Cette tragédie, toujours en cours d’élucidation par la justice française, a marqué le début d’une série macabre et d’un tournant historique : de foisonnante et vivace, la couverture médiatique de cette immense zone déshéritée, marquée par la multiplication des radios locales et la puissance de l’audiovisuel extérieur français, s’est appauvrie, étiolée.

Les reportages ont laissé la place à la communication des juntes qui tiennent désormais ces trois pays aux prises avec des attaques djihadistes, et aux enquêtes faites à distance, par le biais de WhatsApp ou de Signal, faute de sécurité ou d’accréditation. « La plupart des sources sur place n’osent pas parler, et les rares qui osent le faire demandent toujours à rester anonymes », témoigne un reporter africain cité dans le rapport « Dans la peau d’un journaliste au Sahel », publié en avril 2023 par RSF.
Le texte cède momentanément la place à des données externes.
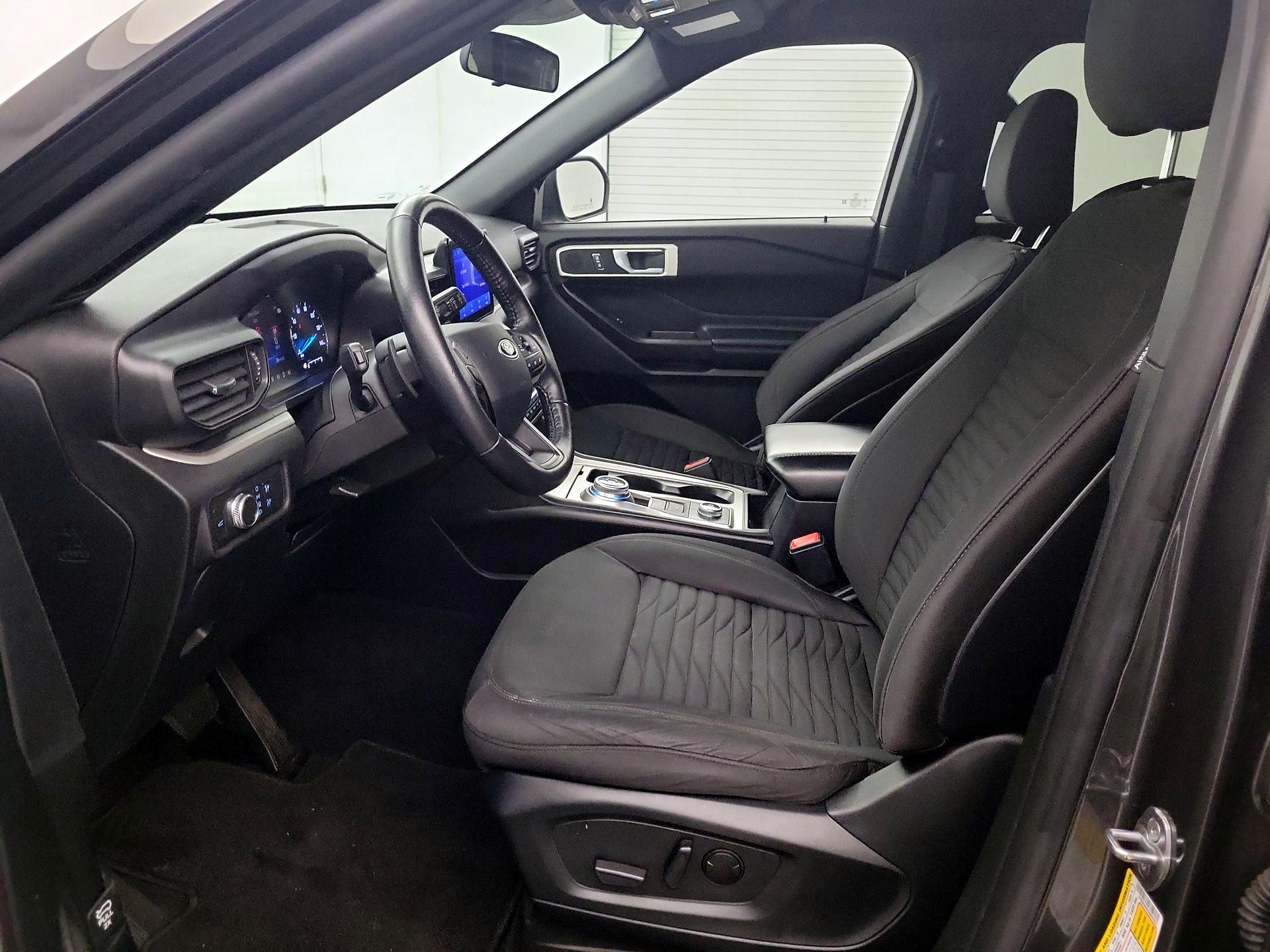 Thumbnail: 2020 Ford Explorer - 9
La fin d’un regard extérieur

« Le simple fait de parler aux médias vous fait qualifier d’“ennemi du pays” », précise, à Dakar, Sadibou Marong, directeur du bureau de RSF pour l’Afrique subsaharienne. Au Mali, la junte exige un « traitement patriotique de l’information », qui expose aux persécutions les journalistes rendant compte des exactions de l’armée ou de ses liens avec la Russie. « Tous ceux-là (…) qui continuent d’informer pour l’ennemi, ils vont le payer », a averti le colonel Assimi Goïta, autoproclamé chef d’Etat à Bamako. « La liberté de parole n’est plus admise (…). Les partis politiques et les syndicats n’ont plus le droit de manifester. Toute la société a été mise en coupe réglée », a résumé sur RFI, en novembre 2023, Ahmed Newton Barry, figure du journalisme au Burkina Faso, pays longtemps tenu pour exemplaire.